Verity Platt, Professor of Classics and Art History at Cornell University, will present this year's David F. Grose Memorial Lecture: "The Sentient Sponge: Between Natural History, Art History, and Philosophy." This year's lecture will be hybrid, with the Zoom link available here.
Dr. Platt specializes in Greek and Roman art history, with a particular interest in the relationship between ancient literary and visual cultures, especially in the Hellenistic and Roman periods. Her research and publications focus on ancient theories of representation and sense-perception; media and intermediality; the material and visual culture of religion; the historiography of ancient art (especially the author Pliny the Elder); art and ecology; Roman wall-painting and funerary art; Graeco-Roman seal-stones; Hellenistic poetry (especially epigram); and Greek literature under the Roman Empire.
Exploring how physical artifacts played an active role in the ancient production of knowledge, this lecture focuses on a rather unexpected object that was ascribed epistemic value in antiquity: the humble spongs. As naturally formed products of the deep, sea sponges helped thinkers across a wide variety of literary genres and philosophical positions to formulate relations between matter and mind, perception and knowledge, and reality and representation.

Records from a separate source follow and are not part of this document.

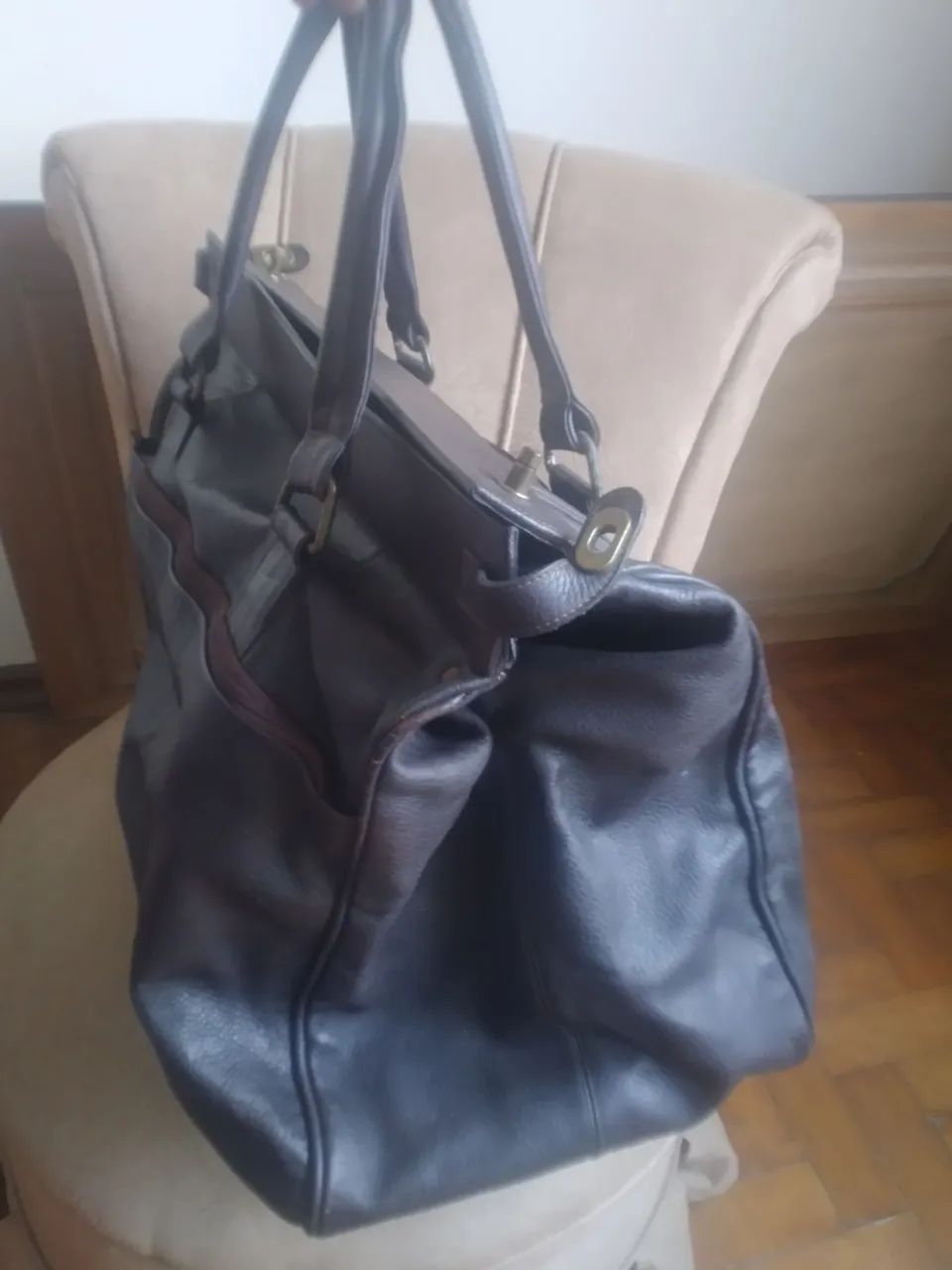 Bolsa Mala 100% Couro legítimo  bolsa  - Foto 5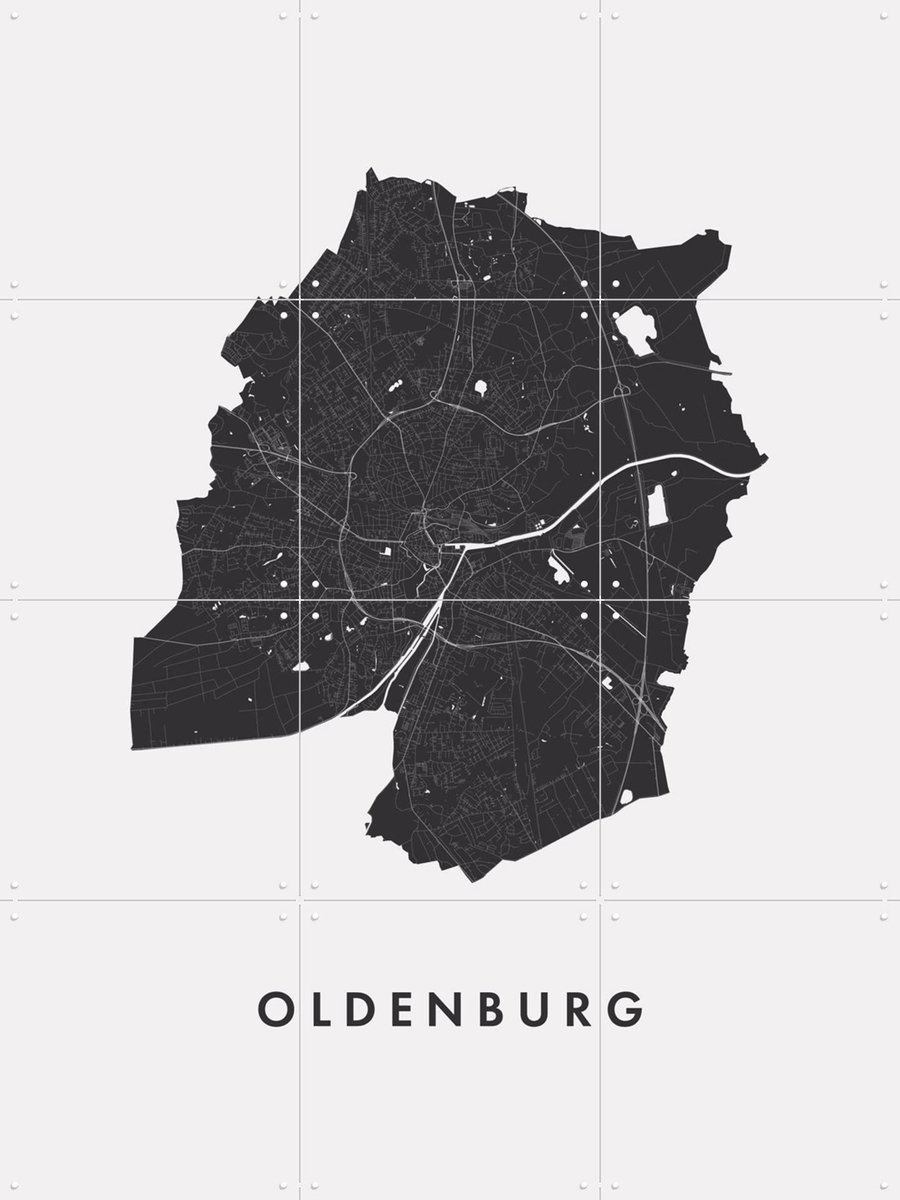 IXXI Oldenburg City Map, Kunst in Kaart - 60 x 80 cm - Gratis ophangtool - Grote wanddecoratie en posters - Minimalisme, Grafisch Ontwerp, Woonkamer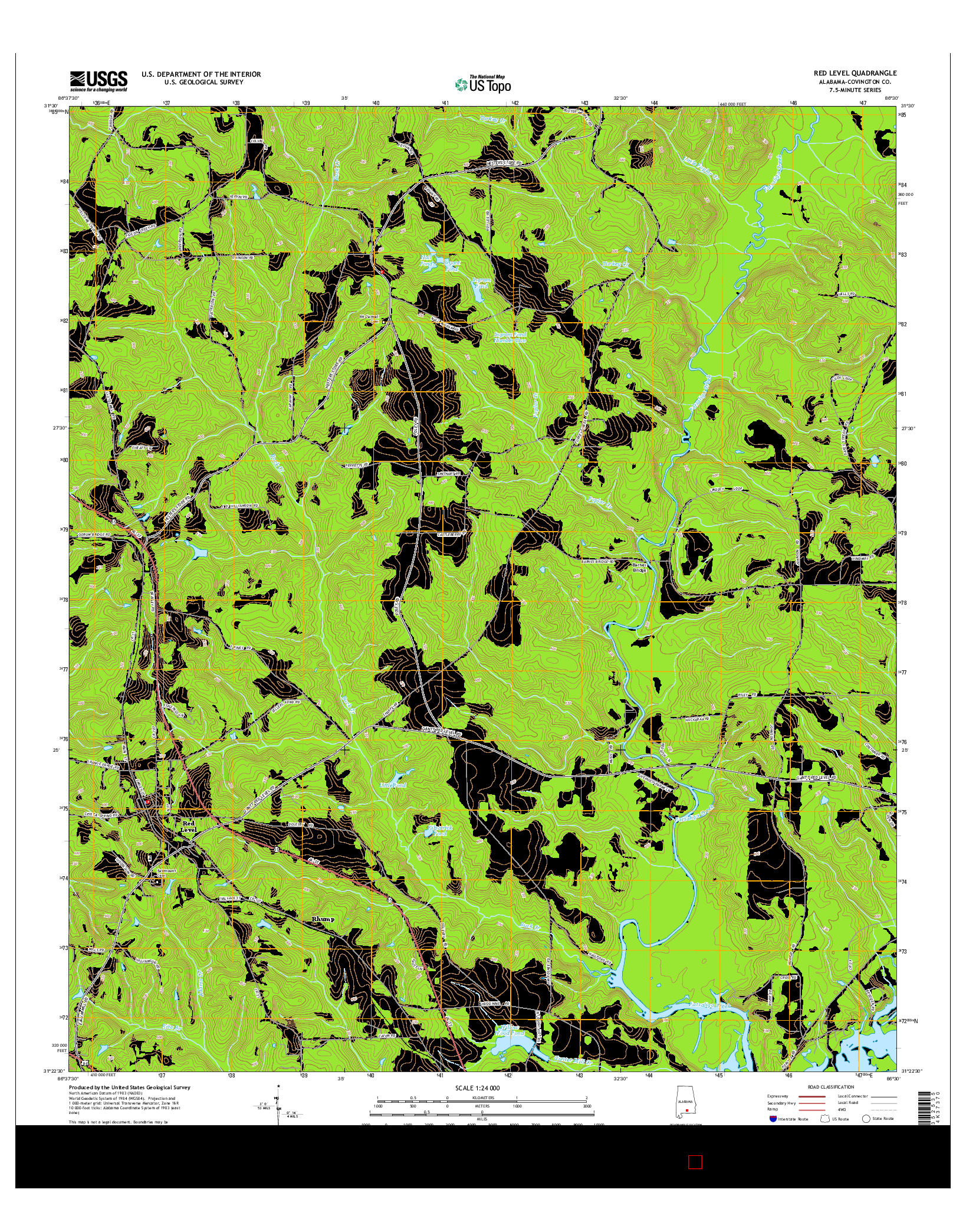 USGS US TOPO 7.5-MINUTE MAP FOR RED LEVEL, AL 2014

David F. Grose, who passed away in 2004, was for many years a faculty member in the Department of Classics at UMass Amherst, where his scholarly reputation as a leading authority on Hellenistic and early Roman glass rose quickly, and was sealed for certain by his magisterial Early Ancient Glass (Toledo Museum of Art), published in 1989. Professor Grose came to the subject of ancient glass before there were established methods for examining, identifying, and classifying glass fragments. His role in organizing the field is greatly appreciated by his fellow specialists in ancient glass, and his insights into the development of the industry for glass production in Augustan Italy are one of the foundations of the field as it currently exists. His posthumous volume The Hellenistic, Roman, and Medievel Glass from Cosa, edited by R. T. Scott, was published by the University of Michigan Press in 2017. The David F. Grose Memorial Lecture was inaugurated in 2005 with the support and encouragement of David’s family, especially his brother Dr. Charles Grose of Iowa City, Iowa.